Saturday, March 31, 2012

Movie review - "An American Romance" (1944) **

Such was King Vidor's prestige in 1944 that MGM let him spend $3 million on this dull epic without insisting on stars or conflict on the plot. I know he wanted Spencer Tracy but surely there was someone more interesting on the payroll rather than Brian Donlevy - who is not only dull but embarrassing at times as the migrant who moves to America and rises up the industrial ladder. His rise is very slow at first - he's dim, becomes obsessed with steel - and also lacking much interest. He romances a teacher (Ann Richards - formerly Shirley Ann Richards, Aussie actor), they fall in love pretty quick and although he's obsessed with work and they lose a son to the inevitable war, their marriage is pretty good. Then when he's middle aged he becomes rich making cars.

You wait for something to happen - infidelity, Donlevy to go drunk on power, his son to go off the rails, a daughter turning into a slut, divorce... something. But it doesn't. There's an exciting scene where Donlevy nearly falls in some malten liquid and some conflict in the last half hour when his son tries to unionise the workers (they are very polite about it but it's still striking to see some vague pro-union propaganda in an MGM film) but that's about it. Donlevy retires, gets bored, but luckily Pearl Harbour comes along and he has to go back to work... is that supposed to be interesting? Did MGM really think Joe Public would be so patriotic they'd want to see this?

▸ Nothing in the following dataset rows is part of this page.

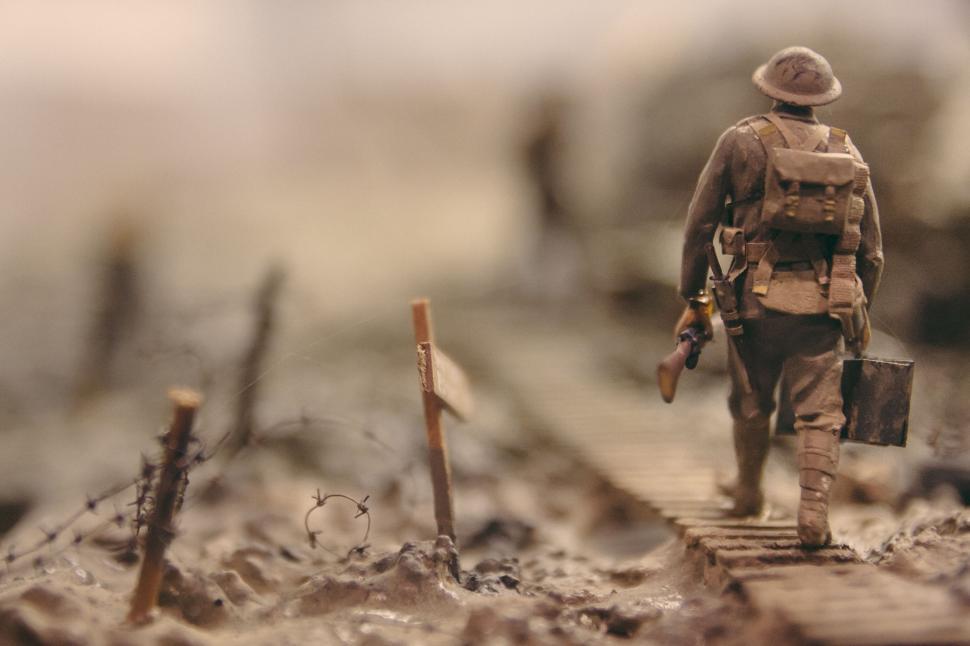 Free Image of Soldier Walking Across Bridge in Field 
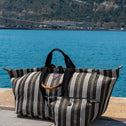 Striped All-time Favourites bag with bamboo handle on a stone surface by a body of water with a mountainous background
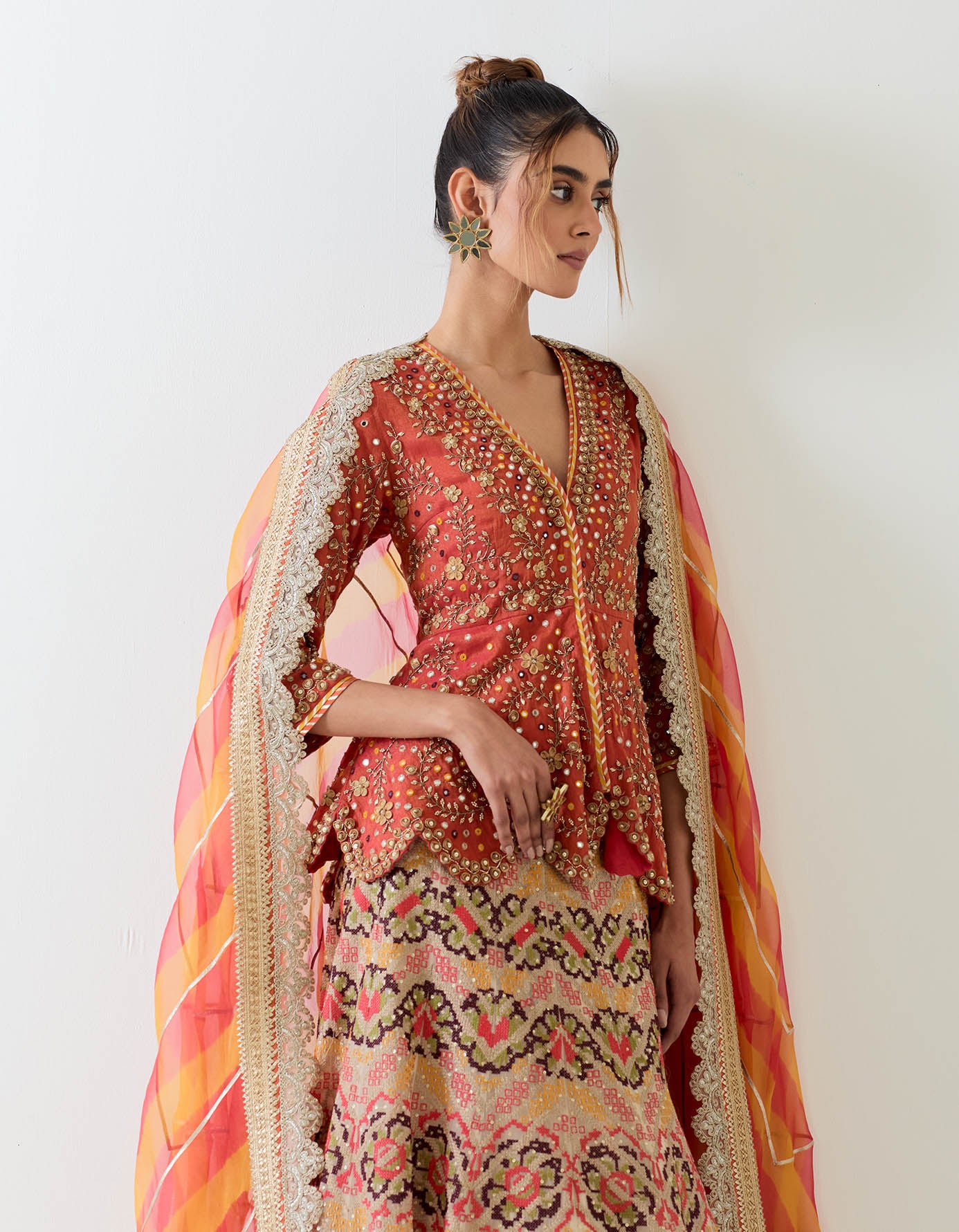 Tissue chandero hand embellsihed peplum top paired with cross stitch embroidered organza skirt and tie dye organza dupatta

The Power and the Glory covered similar territory but a lot more things happened - marriages busted off, Spencer Tracy went crazy, there was a suicide. None of that here. All we get is some indifferent acting, bad European accents, a flat cast (hardly anyone is in familiar in this - the guys who plays the sons are all dull ditto Donley's daughter), and lots and lots of shots of industrial production. Richards, so engaging and spritely in her Australian films, isn't very good here - but then she doesn't have a character to play. (Why does she like Donlevy? Doesn't she have an opinion about anything?)

This was apparently cut down greatly by the studio - half an hour lopped off. I shudder to think of the long version.